Given the multi-step workflow, the typical approach when using the Docker image is to run NPSV-deep from a shell. The following command will start a Bash session in the Docker container (replace /path/to/reference/directory with the path to directory containing the reference genome and associated BWA indices). NPSV-deep is most efficient when the BWA indices are loaded into shared memory. To load BWA indices into shared memory you will need to configure the Docker container with at least 12G of memory and set the shared memory size to 8G or more.
docker run --entrypoint /bin/bash \
--shm-size=8g \
-v /path/to/reference/directory:/data \
-w /opt/npsv2 \
-it \
npsv2
The NPSV-deep package installs the npsv2 executable, which executes the different commands in the genotyping workflow. NPSV-deep uses hydra to manage program configuration; all arguments/options are specified as hydra overrides.

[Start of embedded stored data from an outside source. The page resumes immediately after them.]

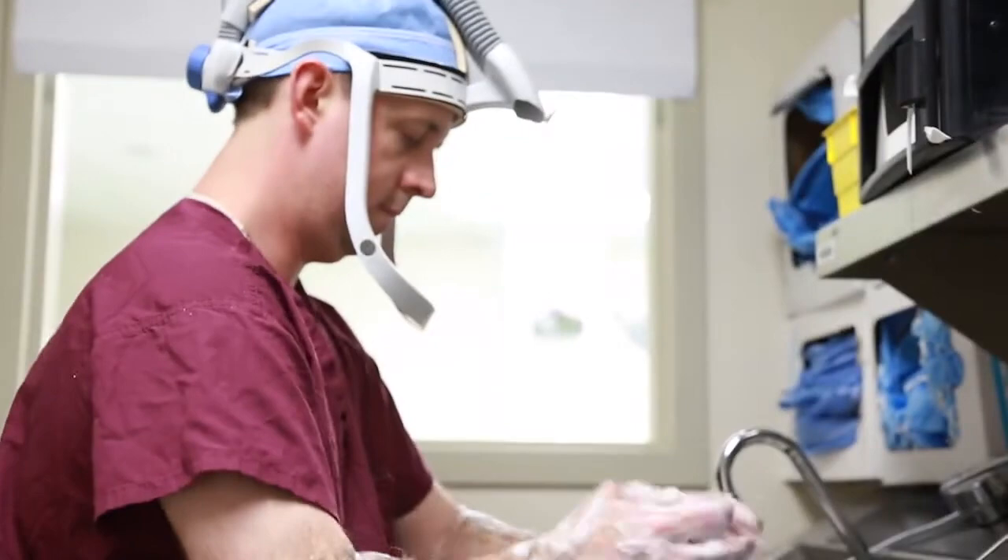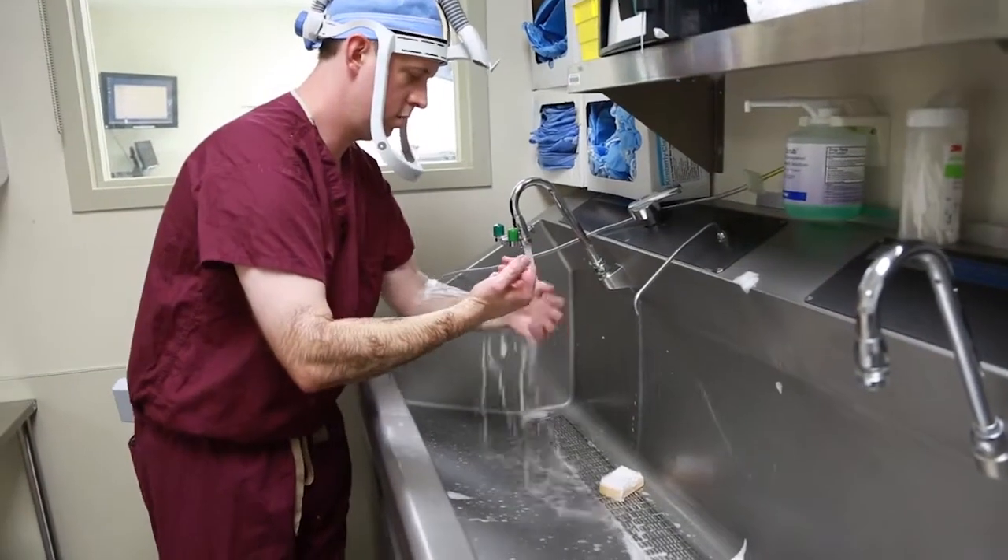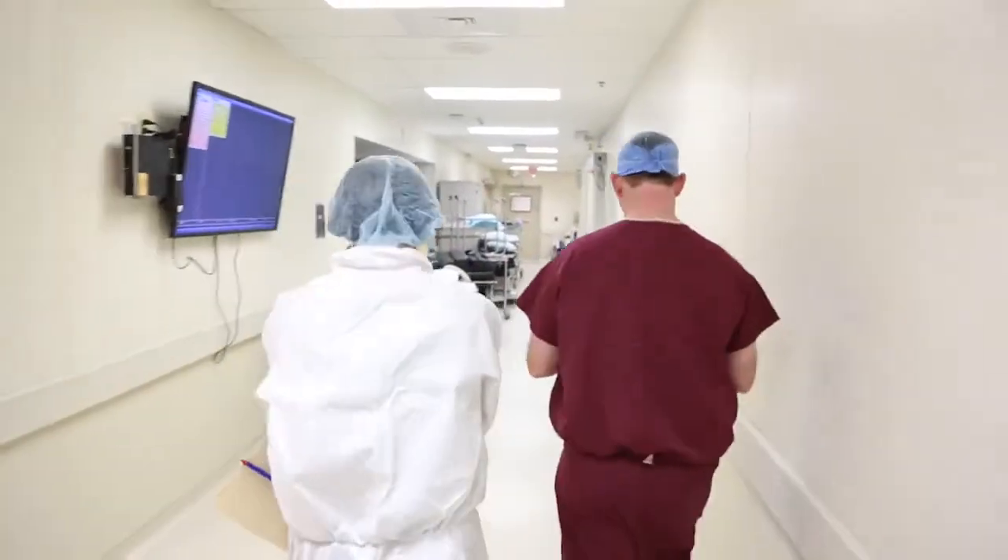I chose orthopedics because while I was in high school I worked in a warehouse at my mother's company, helping to develop braces for the knee, foot, and ankle. I really saw how this helped people, getting them back up and walking again and improving their lives.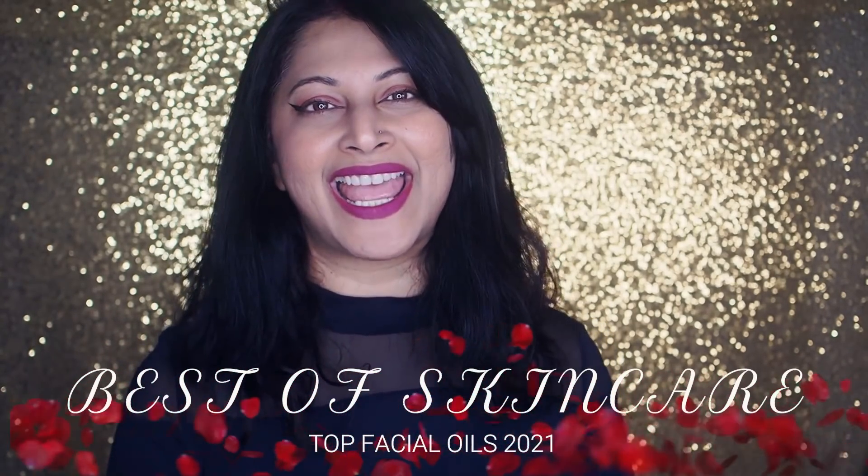Hello beauties, welcome back to my channel. Happy New Year guys, and today we have another best of skincare series. We are continuing with what I left off last year, and today we are going to be talking about facial oils. I hope that this year — 2022 — will be a lot more kinder to all of us, and I just hope it will bring you all the success, happiness, and most importantly good health for you and your loved ones.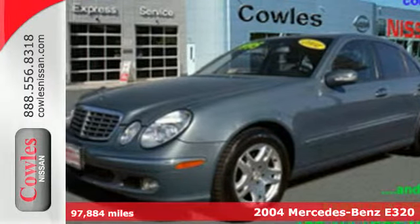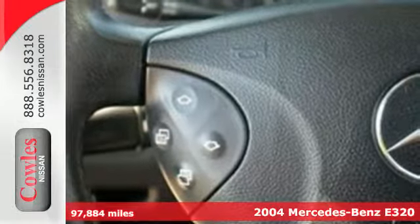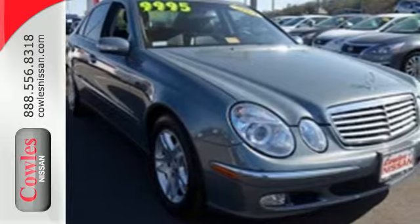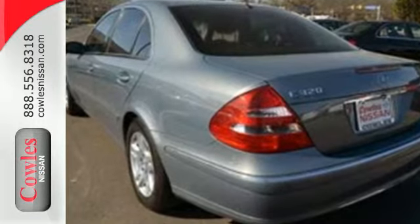Here's a 2004 Mercedes-Benz E-Class. It comes standard with a tilt and telescopic steering wheel, plush leather seats, keyless entry, rain-sensing wipers, and air conditioning with automatic multi-zone climate control.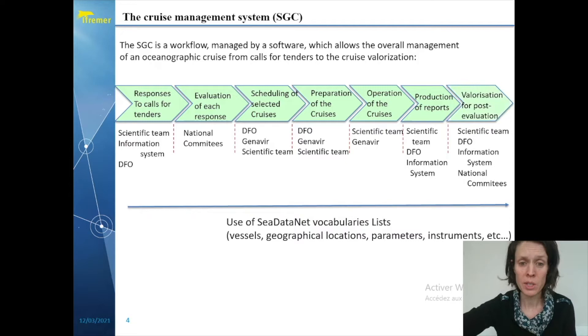One key point is the use of common vocabularies. We do use the SeaDataNet list because we are deeply involved in this European program.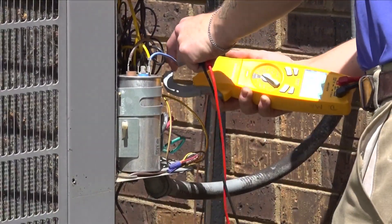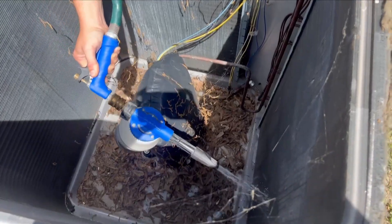First, we evaluate the electrical, make sure that's all squared away, and then we break these units down and spray them with these chemicals, and then spray it with water from the inside out so it pushes that dirt out of that fin.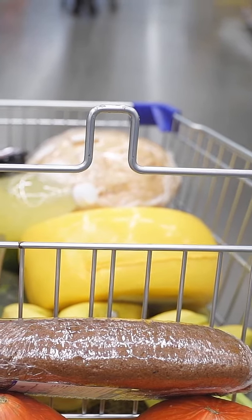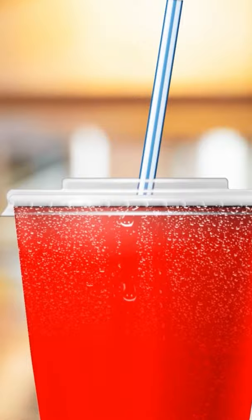Metal loops on shopping carts are for hanging fragile bags from. Lids of takeaway soda cups are coasters that fit the cup perfectly.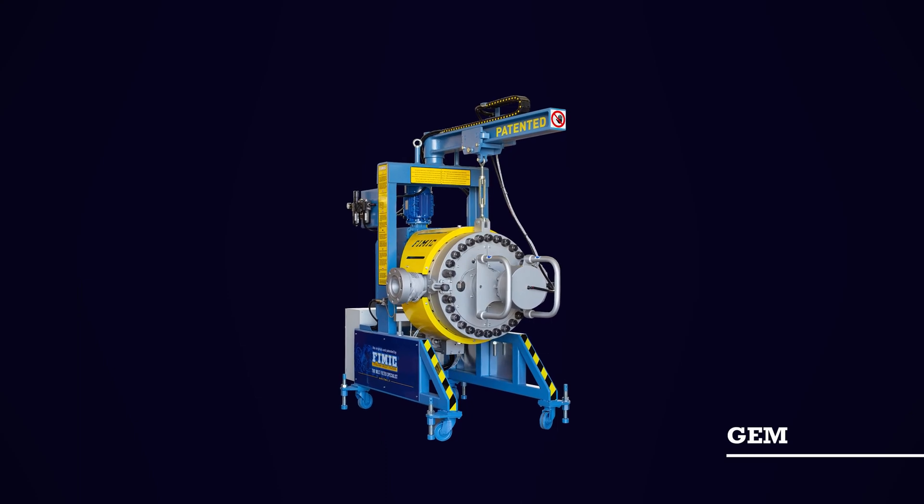The Gem Melt Filter is the latest addition to the FEMIX product family, which targets high throughput needs, starting from 2.5 tons up to 6 or 8 tons an hour. The word Gem comes from Gemini, meaning twins, as the filter is equipped with two identical screens having a diameter of either 600 or 700 millimetres, built into only one machine. The maximum filtration surface on the biggest machine size can go up to 7,592 square centimetres in two screens only.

NPSV-deep requires the reference genome and these examples, in particular, require the "b37" reference. To obtain and index those files from within the Docker container:
cd /data
curl ftp://ftp.ncbi.nlm.nih.gov/1000genomes/ftp/technical/reference/human_g1k_v37.fasta.gz -o human_g1k_v37.fasta.gz
gunzip human_g1k_v37.fasta.gz
bwa index human_g1k_v37.fasta
samtools faidx human_g1k_v37.fasta
The following commands also assume you have create a tests/results directory
mkdir -p tests/results
The minimal NPSV-deep workflow requires the putative SV(s) as a VCF file, the aligned reads and basic sequencing statistics (the sequencer model, read length, the mean and SD of the insert size, and depth), and a previously trained network model. The typical workflow also uses phased SNVs called in the same sample.
By default, NPSV-deep will automatically download and cache pre-trained models from a repository on Hugging Face. Different models can be specified via the model.model_path configuration parameter.
To run NPSV-deep genotyping:
npsv2 command=genotype \
reference=/data/human_g1k_v37.fasta \
input=tests/data/12_22129565_22130387_DEL.vcf.gz \
reads=tests/data/12_22127565_22132387.bam \
stats_path=tests/data/stats.json \
output=tests/results/12_22129565_22130387_DEL.npsv2.vcf.gz \
load_reference=true
This will produce a VCF file tests/results/12_22129565_22130387_DEL.npsv2.vcf.gz (determined by the output parameter) with the genotypes. The input variant is derived from the Genome-in-a-Bottle SV dataset; NPSV successfully genotypes this variant as homozygous alternate. The genotype is determined from the minimum index of the DS field, the distances between the actual and simulated data for each possible genotype. Note that due to random variation in the simulation different runs will produce slightly different distances.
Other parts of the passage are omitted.